I was directed to one of the bigger theaters, which posed a problem. There were two doors -- each leading to a different aisle. I had to try to use my Wonder Twin mind powers that married couples often acquire to pick the one that Paul was most likely to pick -- so he wouldn't get lost trying to find me in the dark while lugging around his keg of Diet Coke. I chose the door on the left. Then I picked two seats on the aisle in the center section -- two rows ahead of the people behind me and two rows behind the people ahead of me. Perfect.
The opening commercials (the ones that now come before the 15 minutes of previews) were already playing, so I didn't have a lot of time to study my surroundings -- though I did see (and hear) a lot of high school kids. But it wasn't just teenagers who had wandered into the theater. It was small children, too. Before Paul arrived with our mammoth soda, a family sat down in front of me -- Mom and Dad and two kids, maybe three and five years old. The kids stood up and turned around and chattered and giggled and complained and whined -- and that was before the movie began. In the row ahead of them was another family with a three-ish-year-old who stood on his seat and poked his parents in the eyeballs and asked all kinds of questions in his best outdoor voice.
As the movie began, I heard the usual sound of high school girls -- the loud whispering and the giggles (followed by the extra-loud "Shhhhhh!"s from the high school boys, which only brought about more giggles). But the movie was loud enough to drown them out. It was not, however, loud enough to drown out the three-year-olds.
In case you're not aware, I'll just clear something up right now. Sahara is not a Disney movie. There are no animated talking animals or song-and-dance numbers. There are, on the other hand, skeletons and explosives -- as well as a pretty yucky plague. This is not a movie for kids. But apparently the parents of these chatty, squirming children decided against getting a babysitter, for some reason that goes well beyond my comprehension. If you ask me, if you're only paying a buck for the two of you to see a movie, you can afford to spend a couple bucks on a babysitter. After all, we could afford a gigantic soda...

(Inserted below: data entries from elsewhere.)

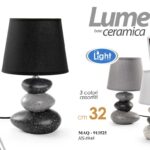 LAMPADA LUMETTO ABAT JOUR DA TAVOLO SCRIVANIA CAMERA CERAMICA PIETRE ASSORT 32cm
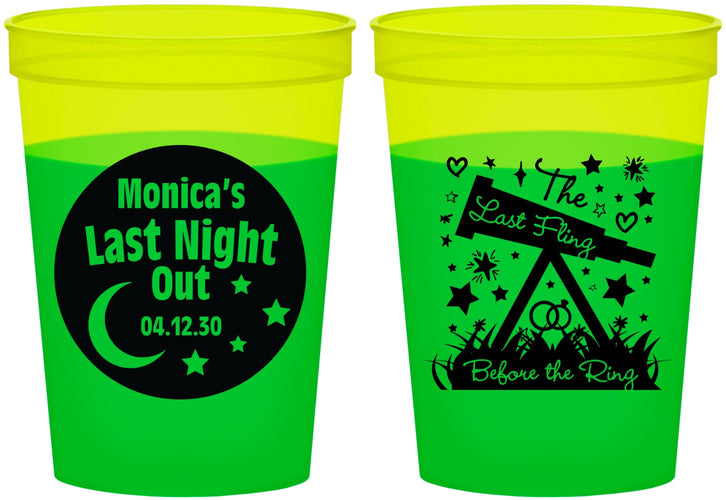 Custom Bachelorette 16 oz Color Changing Cups - Last Fling Before Rings | 60113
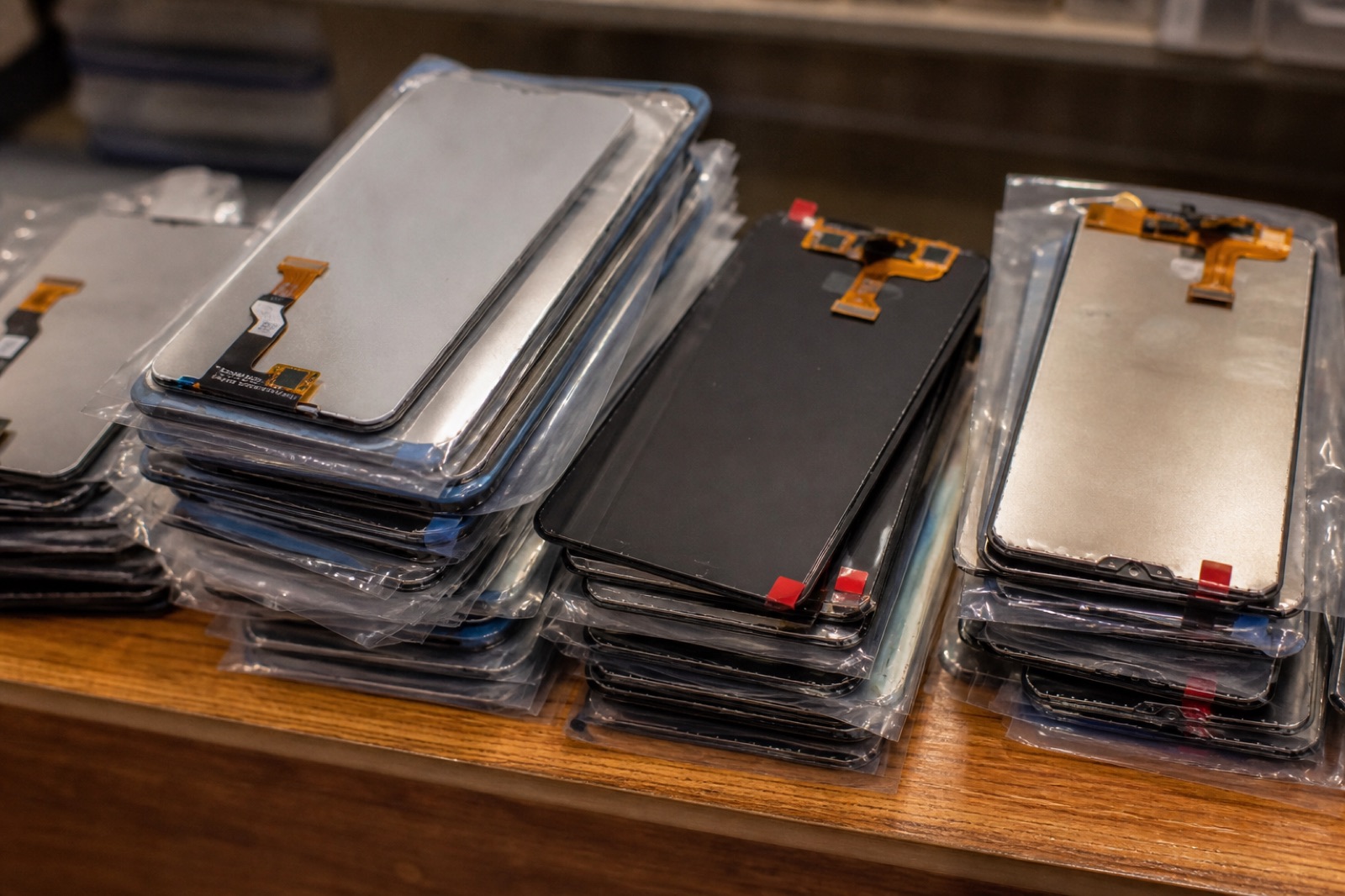Replacement LCD screens stacked on the counter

Bringing kids along to a grown-up movie is a lose-lose situation. The kids get bored and/or pissed off, and they'll most likely have nightmares for a week. And the parents will spend so much time telling the kids to sit down and shut up that they'll most likely have to go out and rent the movie later anyway. As an added bonus, once the kids start with the nightmares, they get the pleasure of having a shrieking little body in their bed every night for a week -- or until they can convince the kid that Mommy and Daddy aren't going to die of a horrible disease, in which they get yucky open sores all over their bodies and their eyes get covered in a creepy film (which just reminds me of the time when I was a kid and they showed an ancient skeleton that had been kept in a grandfather clock case on Ripley's Believe It or Not, and I couldn't sleep for ages, convinced that there was a skeleton in my closet...but that's another story).

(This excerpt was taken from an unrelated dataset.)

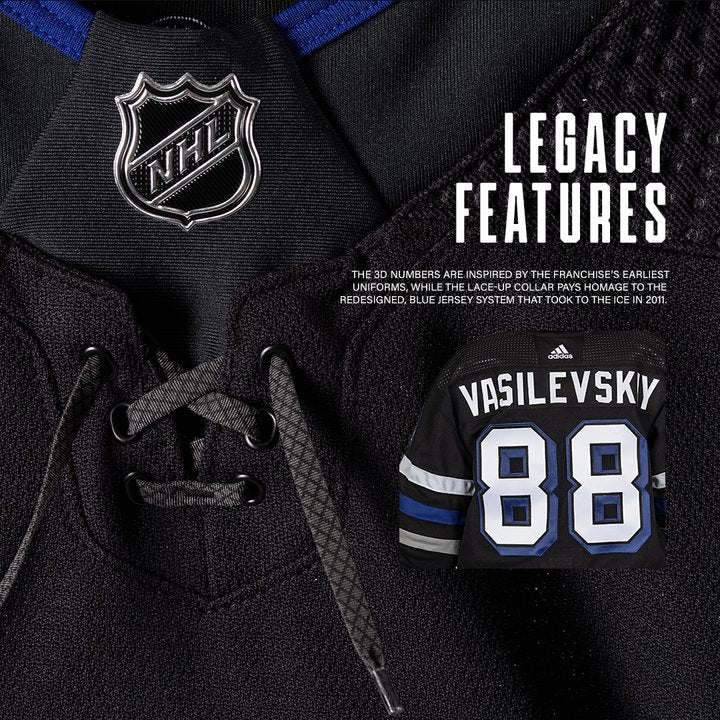 Tampa Bay Lightning Andrei Vasilevskiy 2024 NHL Adidas Alternate Black Breakaway Jersey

Sure, parents of unruly children may be able to ignore their kids' obnoxious behavior -- in much the same way that my grandpa, who worked in an egg-processing plant all day, never even noticed the smell of rotten eggs. Unfortunately, those of us who are sitting behind them have not been likewise conditioned.

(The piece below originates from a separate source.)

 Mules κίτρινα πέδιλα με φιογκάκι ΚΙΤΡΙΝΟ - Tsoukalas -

These parents see no problem with bringing along their three-year-old, who will most likely spend the entire movie yelling and bouncing in his seat and telling jokes and generally being a nuisance to those around them. These same people don't see a problem with leaving their five-year-old alone in the theater while they take their three-year-old out in the hall for a minute to calm him down. But I'd put money on the fact that those parents would also turn and give dirty looks (and perhaps even make a nasty comment or two) to anyone who accidentally forgets to turn off his cell phone before the movie started.
For that reason, I am entirely in favor of both cell phone blockers and obnoxious toddler blockers in movie theaters.